TV and newspapers and news sites report the world as it is.  Much muck and mayhem and malodor, murder, indecency, crudeness, crassness, cruelty.   On TV, Homer gets drunk and strangles Bart.  The South Park kids curse.  One of them gets murdered all the time.   Movies delve into sex with aplomb and without apology.  And yet crosswords, for the most part, seem to inhabit a different world, one closer to, say, movies in the 1940s and 1950s under the fusty, harrumphing, puritanical Hays Code.   They do not include as clues or answers anything that might cause an elderly 1920s dowager to almost swoon with the vapors. 

You might say this is a trivial complaint about an inconsequential issue , and in one sense, of course it is.
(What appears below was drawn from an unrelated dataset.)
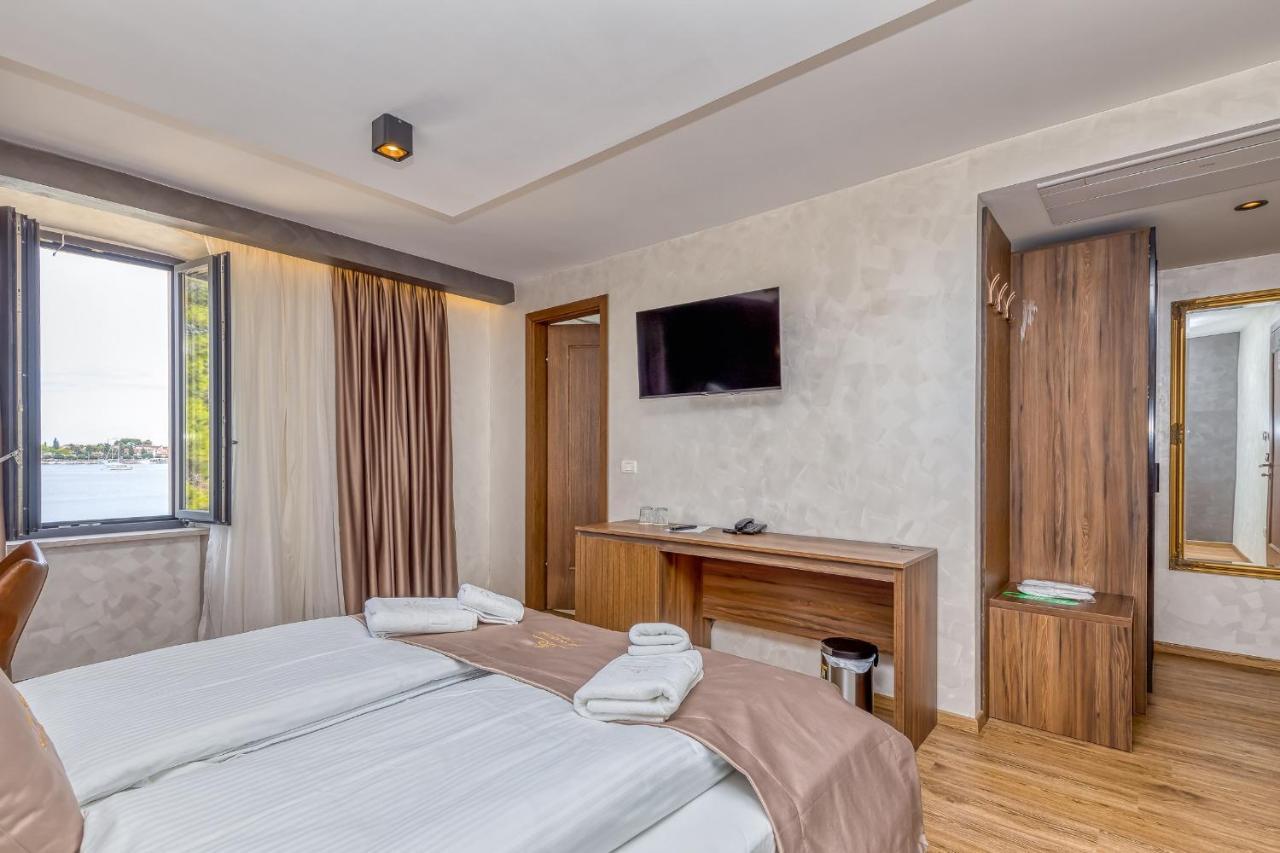 San Valentino Palace Aparthotel Umag Bagian luar foto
But  I would contend that there IS damage done to the crossword genre by instituting an outdated set of criteria for what are acceptable answers: It makes crosswords seem stilted, mannered, and out of touch with modernity.   An atavism.  Further, it skews their readership toward the older readers.  Not a good thing.

Hitler?  Perhaps the most influential and consequential monster of history -- a name almost better known than anyone's, ever -- has, to my memory at least, never appeared in the Times XWord—at least not for decades.  Vomit, a totally normal bodily function, one that can be induced to save lives?  Nope. Too icky apparently for Mr. Hays.  Orgasm?  Gimme a break.   And don't get me started on body parts.  Has "penis" ever appeared?  Even though there are nearly 4 billion of them in the world?
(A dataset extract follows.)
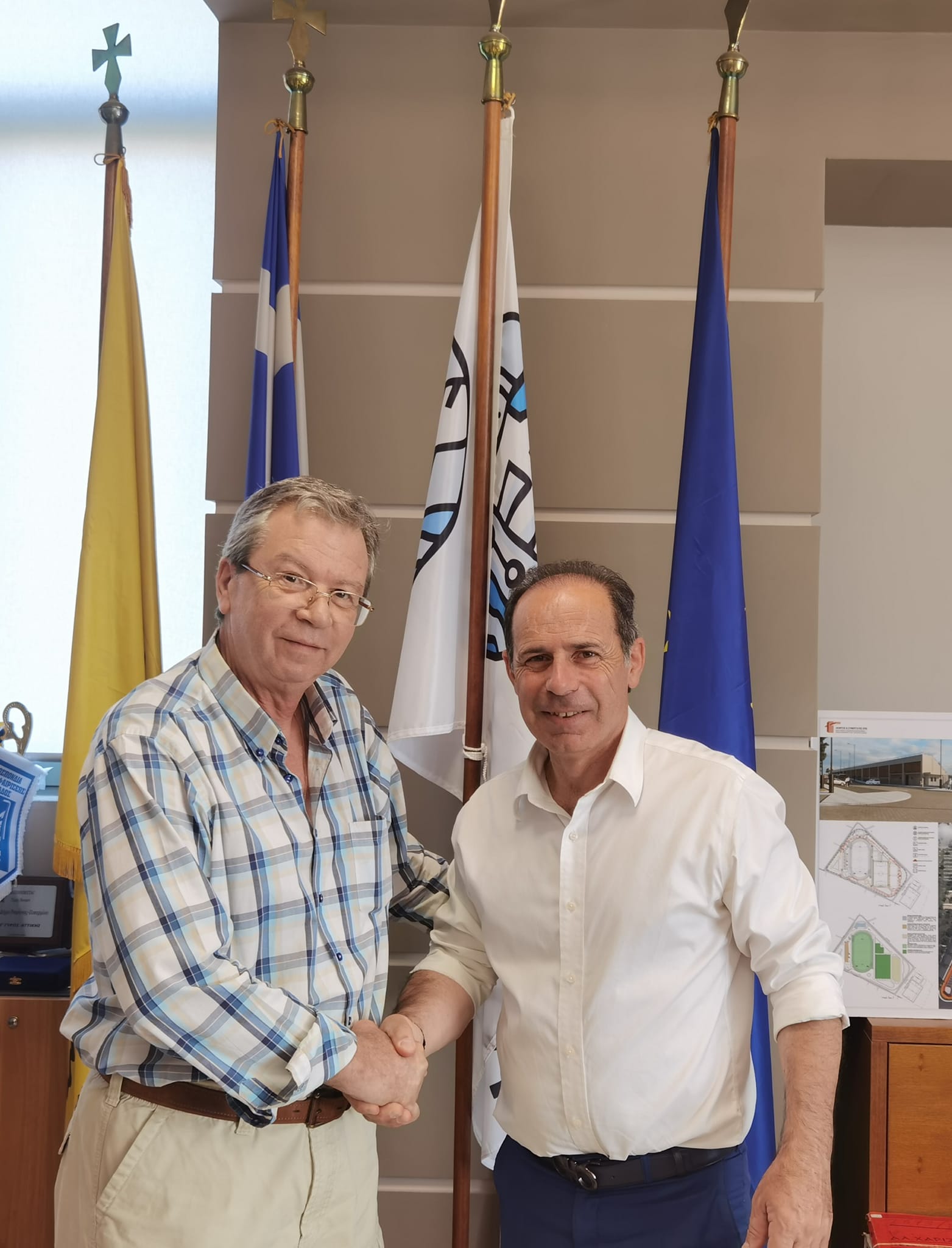 O Γιώργος Λεκός στην ομάδα της ''Σύγχρονης Πολιτείας- Συνεργασία Ενεργών Πολιτών'', του Ευάγγελου Μπουρνούς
This brings me to the stunning reason I write this.  The other day you allowed as to how you suppose "vagina" might be okay.  It astounded me; seemed like a seismic change in your thinking.  Except it isn't, really, I fear.   A few days before that you railed against the Times's answer of "phlegmy."  Icky icky icky-poo that you do not wish to see in your crossword puzzle.  You wrote "No one but no one wants to encounter PHLEGM in their puzzles."  That was an uncharacteristically erroneous statement.  I, for one, do.   I found it refreshing

You have also spoken against seeing in your crossword puzzle the name of a person of whom you do not approve.   Elon Musk comes to mind.  You don't like that one little bit, even though, well, he is the RICHEST MAN IN THE WORLD.   Get him out of my puzzle, you demand.  I, Rex Parker, do not wish to see this name.  Trump, too, one of 46 presidents of the United States.  He displeases you, and you are horrified when your crossword insists that you confront, for a second, this distasteful presence. 
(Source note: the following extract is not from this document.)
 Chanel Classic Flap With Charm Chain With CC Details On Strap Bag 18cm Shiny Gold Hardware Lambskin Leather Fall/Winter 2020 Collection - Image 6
An answer in a crossword puzzle does not endorse the worthiness or humanity of a person or the niceness and sweetness of a thing.  It is simply an acknowledgement that we are adults living in a complex, fascinating world.  I do not, personally, approve of Hitler or Trump or, for that matter, Musk.  I do not think it is remotely tasteless to include them as answers.  I do not harrumph.  "Taste" may be in the eye of the beholder, but that eye should not be behind a 19th century monocle.  

So "vagina" might be okay with you now?  Wow.  But how would you feel about "clitoris"?  Is that different?  Why?  (I confess that I am ending with this as an experiment.  I want to see if you will publish the name of this perfectly normal body part EVEN IN YOUR BLOG, or will you prudishly substitute [Redacted] ?  And if so, why?) 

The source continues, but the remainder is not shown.